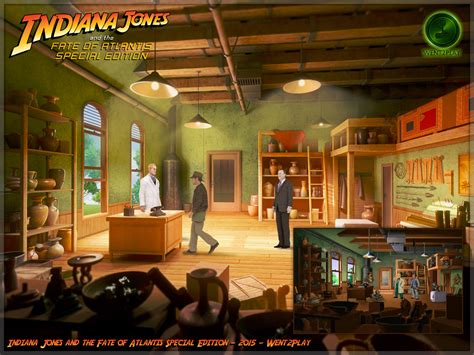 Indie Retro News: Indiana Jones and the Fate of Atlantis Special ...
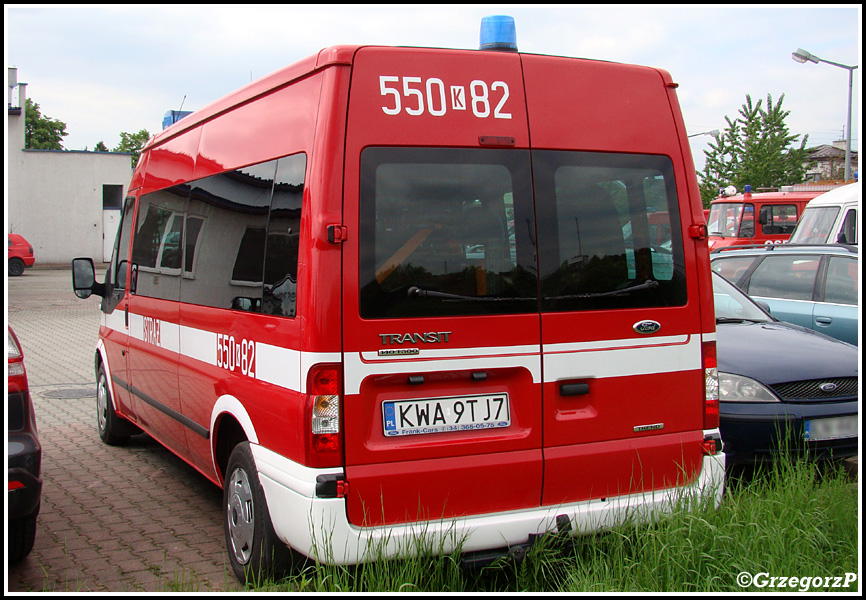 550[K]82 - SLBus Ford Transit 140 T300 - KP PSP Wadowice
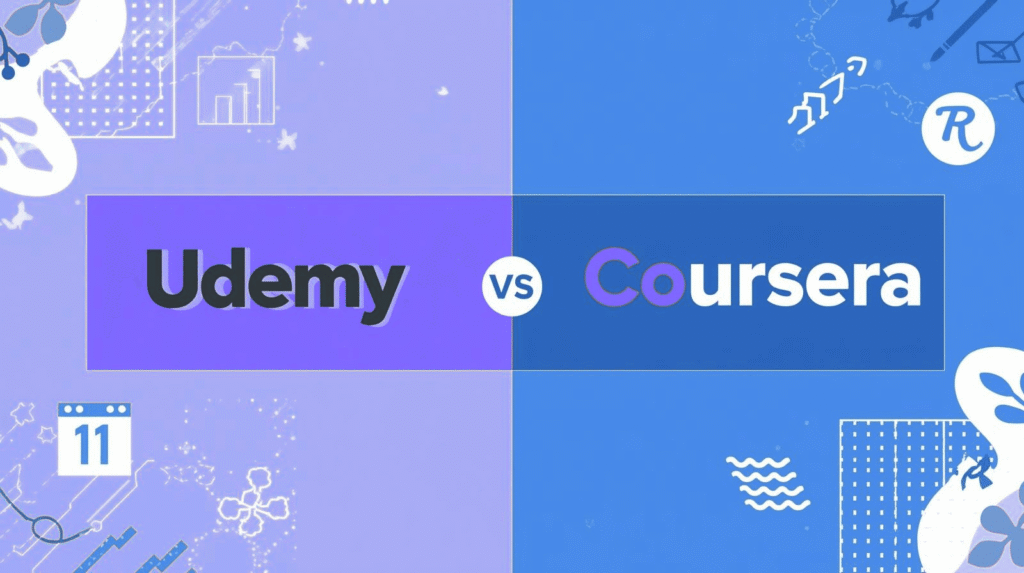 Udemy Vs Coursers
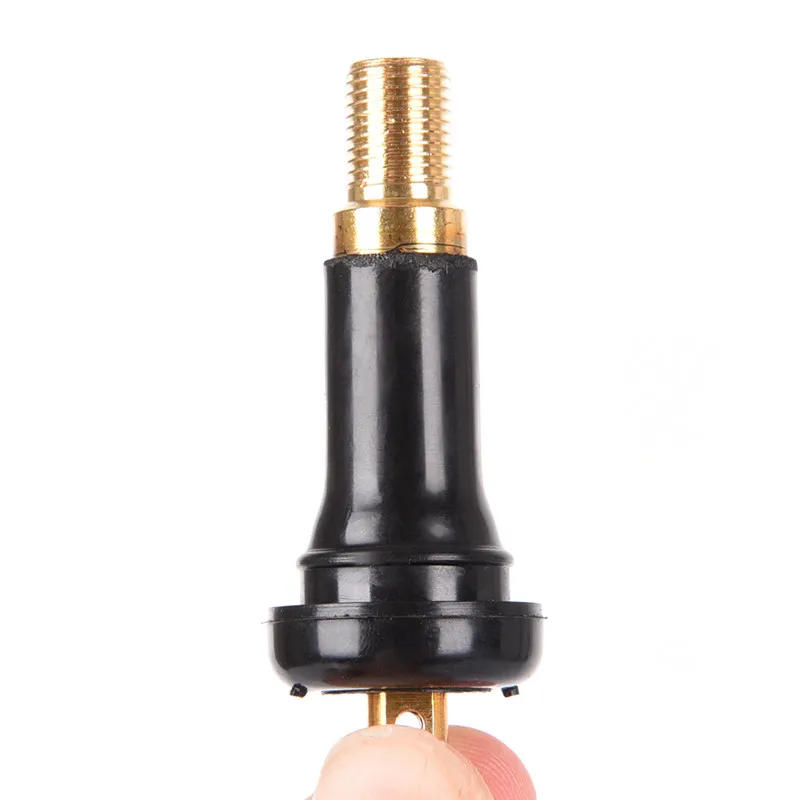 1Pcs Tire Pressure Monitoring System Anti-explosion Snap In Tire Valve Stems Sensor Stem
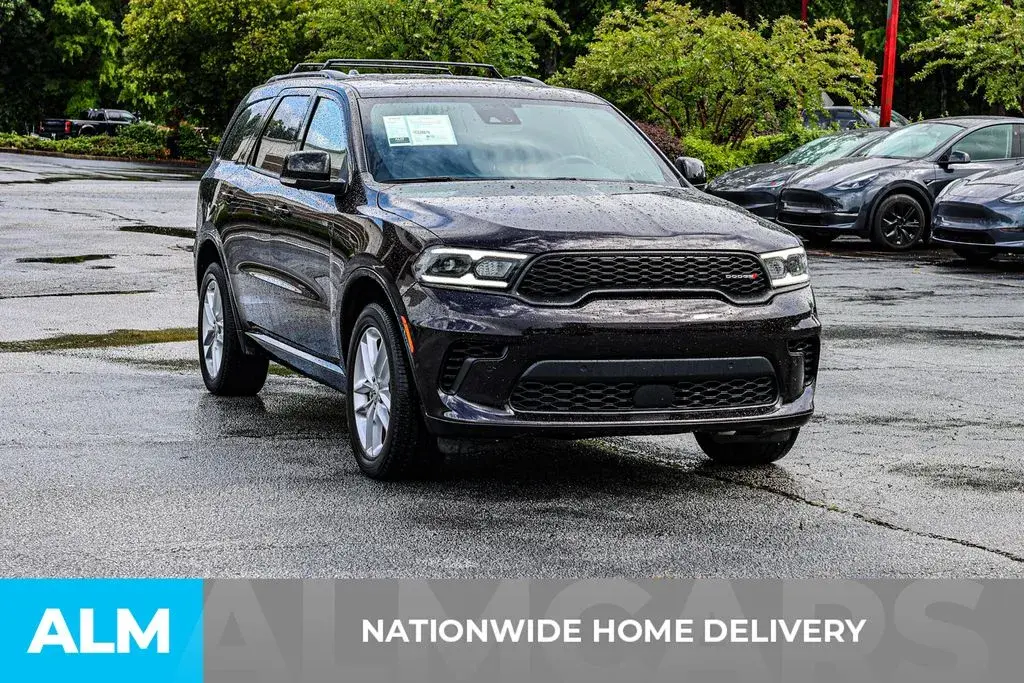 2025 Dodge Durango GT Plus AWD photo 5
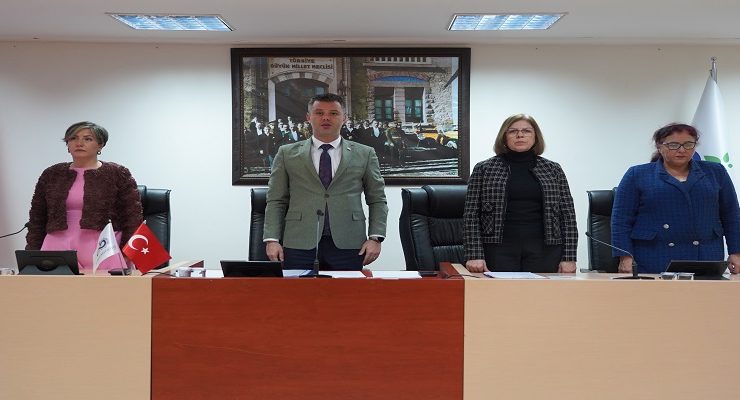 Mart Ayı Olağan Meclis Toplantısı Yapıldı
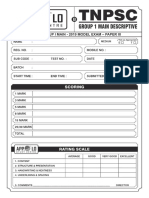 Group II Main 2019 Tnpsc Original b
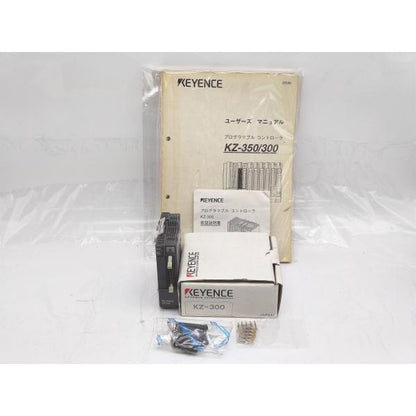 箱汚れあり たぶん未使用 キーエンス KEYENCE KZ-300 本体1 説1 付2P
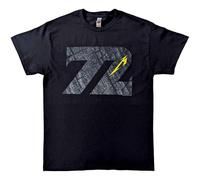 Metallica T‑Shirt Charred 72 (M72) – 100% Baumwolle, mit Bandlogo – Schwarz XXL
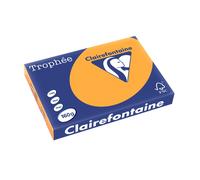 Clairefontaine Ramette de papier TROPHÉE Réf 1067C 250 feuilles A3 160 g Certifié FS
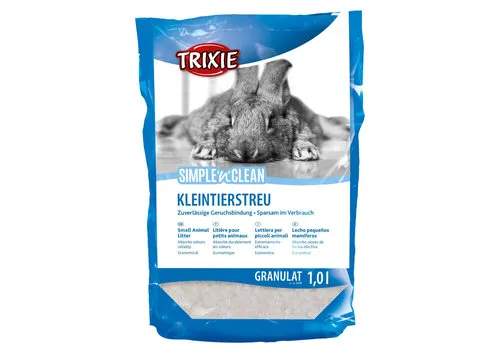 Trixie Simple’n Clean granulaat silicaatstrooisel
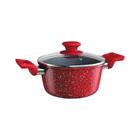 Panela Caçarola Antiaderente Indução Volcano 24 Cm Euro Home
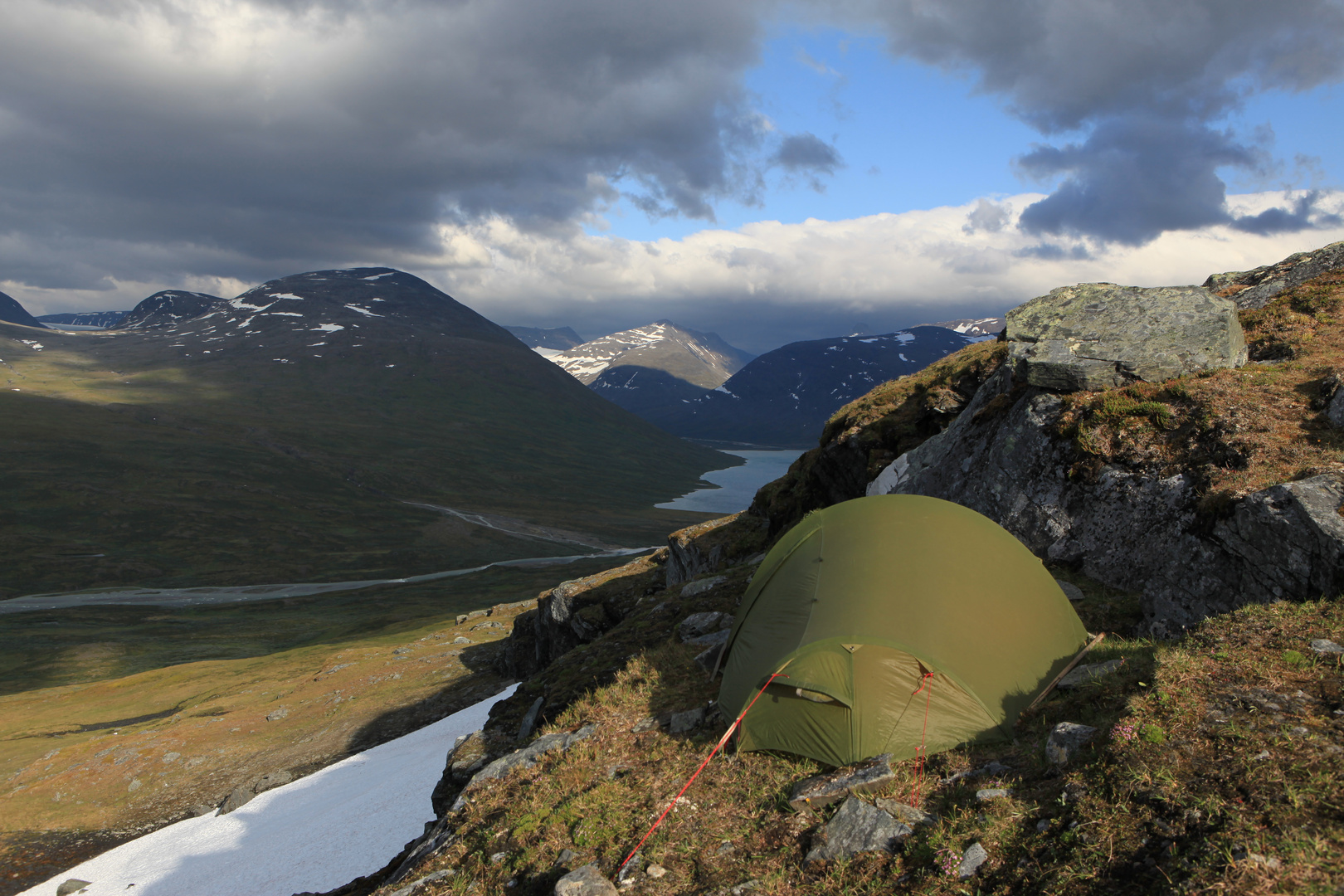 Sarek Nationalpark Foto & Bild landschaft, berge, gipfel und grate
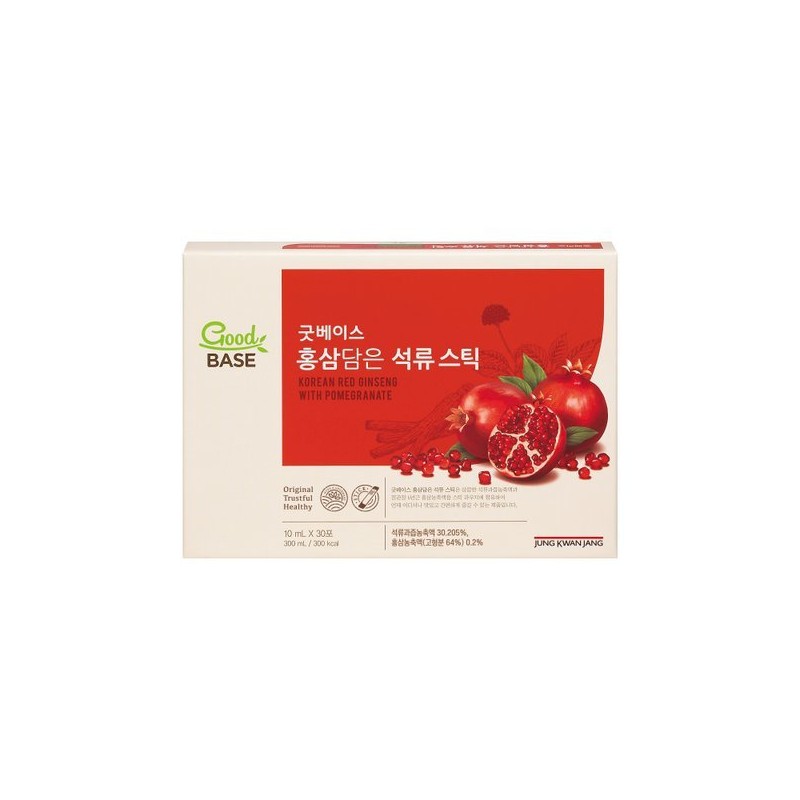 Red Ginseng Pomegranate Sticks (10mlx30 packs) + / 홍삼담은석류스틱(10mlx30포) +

# Exercise requirements:
Beginning with the line holding "Mart Ayı Olağan Meclis Toplantısı Yapıldı" in the material above, restate word for word each line through the line holding "Sarek Nationalpark Foto", and exclude pictures.

# Result of the task:
 Mart Ayı Olağan Meclis Toplantısı Yapıldı
 Group II Main 2019 Tnpsc Original b
 箱汚れあり たぶん未使用 キーエンス KEYENCE KZ-300 本体1 説1 付2P
 Metallica T‑Shirt Charred 72 (M72) – 100% Baumwolle, mit Bandlogo – Schwarz XXL
 Clairefontaine Ramette de papier TROPHÉE Réf 1067C 250 feuilles A3 160 g Certifié FS
 Trixie Simple’n Clean granulaat silicaatstrooisel
 Panela Caçarola Antiaderente Indução Volcano 24 Cm Euro Home
 Sarek Nationalpark Foto & Bild landschaft, berge, gipfel und grate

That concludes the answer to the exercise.